New Jersey Gets Top Billing During Tentpole NHL Event

The 2026 FIFA World Cup Final was recently awarded to New York-New Jersey. That is despite the game taking place at MetLife Stadium in East Rutherford, NJ. 

It is standard fare for sports properties hosting marquee events in the tri-state area –and the media companies broadcasting them– to tout their proximity to New York City. Heck, many of the teams headquartered and playing on JohnWallStreet’s side of the river do (see: New York Jets, New York Giants, New York Red Bulls, NJ/NY Gotham FC).

So, this weekend’s NHL Stadium Series, clearly branded and marketed as a New Jersey event, runs counter to the norm. That isn’t an accident. The National Hockey League has long wanted to play an outdoor game at MetLife Stadium, and its partners at the state level insisted on a local focus if it were to support the effort. 

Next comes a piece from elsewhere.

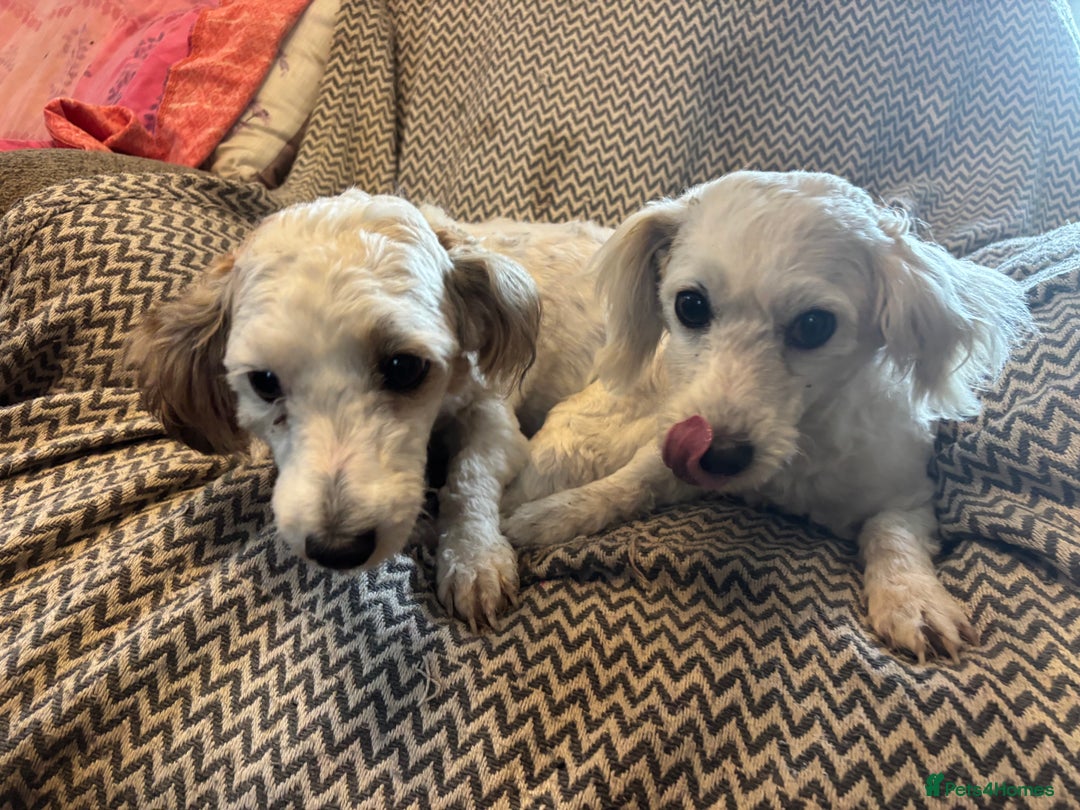Mixed Breed dogs for sale: Beautiful sisters needing new homes  - Image 5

“We worked with the Governor’s Office, MetLife Stadium, and the NJSEA in order to get this game here,” Steve Mayer (senior EVP, chief content officer, NHL) said. “And to be very open, their contribution –not only in dollars and cents– but what they could bring to the table in terms of marketing, promotion, and visibility, [help to push] these games over the top.”

The league also saw an opportunity to lean into one of the markets that makes its composition unique.

“We have a New Jersey team. No other [big four] league has one,” Mayer reminded.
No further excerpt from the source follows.